Referring to FIG. 2, a short residence time riser reactor 52, constituting the lower portion of a severed existing FCC riser reactor, for cracking hydrocarbons in the presence of a cracking catalyst terminates in a rams horn separator 54.

In the rams horn separator 54 the cracked product is removed via conduits 56 and directed to the riser product conduit 58, constituting the upper portion of the severed existing FCC riser reactor, for passage into a stripper vessel 60. In the stripper vessel 60, the riser product conduit 58 is close coupled to a cyclone separator 72 for removal of any entrained catalyst particles from the cracked product vapor.

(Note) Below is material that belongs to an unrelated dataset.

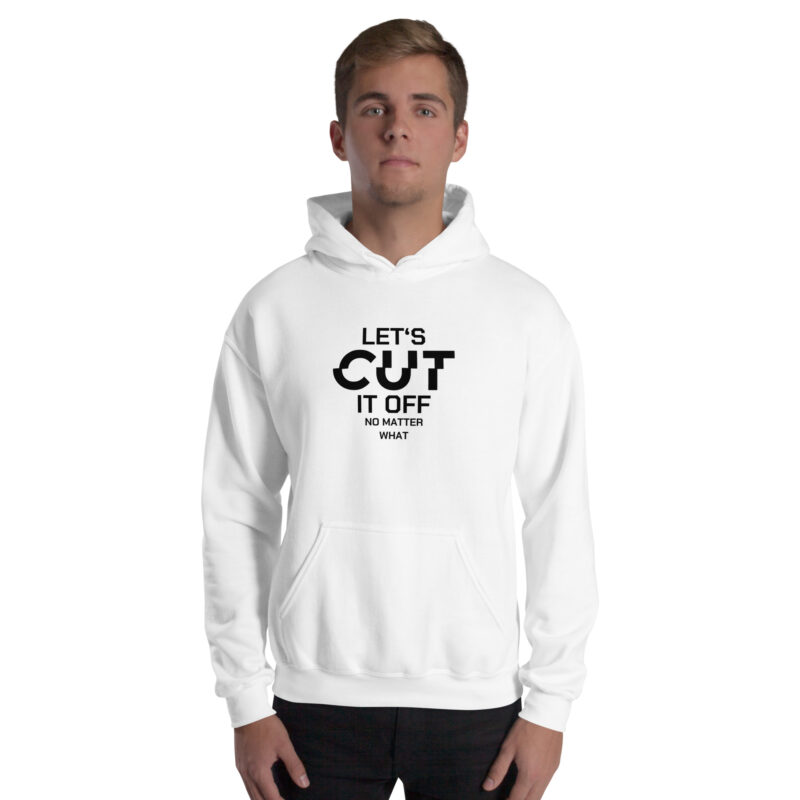 Let’s cut it off – No Matter What Unisex-Hoodie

An opening 82 in the riser product conduit 58 allows steam and vapors to enter from the dilute phase 61 of the stripper vessel 60. It is not necessary to close couple the cyclones as long as conduit 58 discharges near the cyclone inlet 73. Cyclones 72 can be one or two stages. The cracked product vapor is then removed from the cyclone 72 via a conduit 78 for downstream processing. Any remaining catalyst fines which are separated in cyclones 72 are directed into the dense bed 76 via diplegs 74.

The spent catalyst is removed from the rams horn separator 54 via diplegs 62 which terminate in the steam stripper riser 68. J-valves 90 provide seals for the diplegs and steam can be injected at steam injection points 84, 86, 71 to control flow.

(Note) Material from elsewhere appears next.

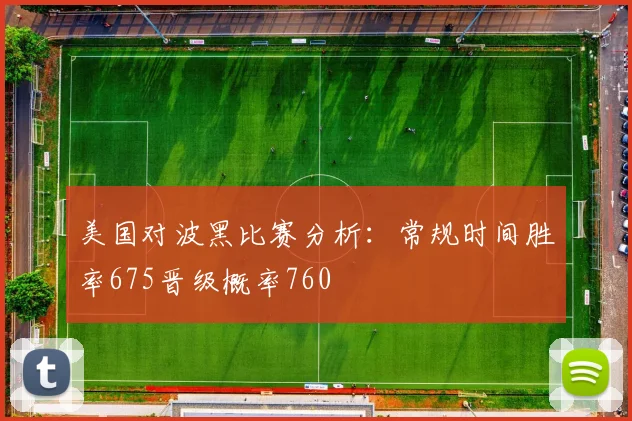 美国对波黑比赛分析：常规时间胜率675晋级概率760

Steam is admitted into steam stripper riser 68 through steam line 86 and steam ring 71 supplied with steam via line 70. As the spent catalyst are transported up the steam stripper riser 68, residual hydrocarbons are removed from the spent catalyst. The stripped spent catalyst and residual hydrocarbons are then directed into the stripping vessel 60 wherein the residual hydrocarbons and steam are released into the upper dilute phase 61, while the stripped spent catalyst are directed into the lower dense phase 76 for additional optional stripping. A catalyst/vapor separation device 81 is used to direct the catalyst via dipleg 77 to the lower dense phase bed 76 and the vapors via outlets 83 toward the discharge cyclones 72 through opening 82. The separation device 81 can be any of those known in the industry, including but not limited to, tee, rough cut cyclone, rams horn type, etc., with the discharge of the vapor 83 at any point in the vessel 60, but preferably away from bed 76. The catalyst is removed from the stripping vessel 60 via a standpipe 80 for regeneration and recycling to the riser reactor 52.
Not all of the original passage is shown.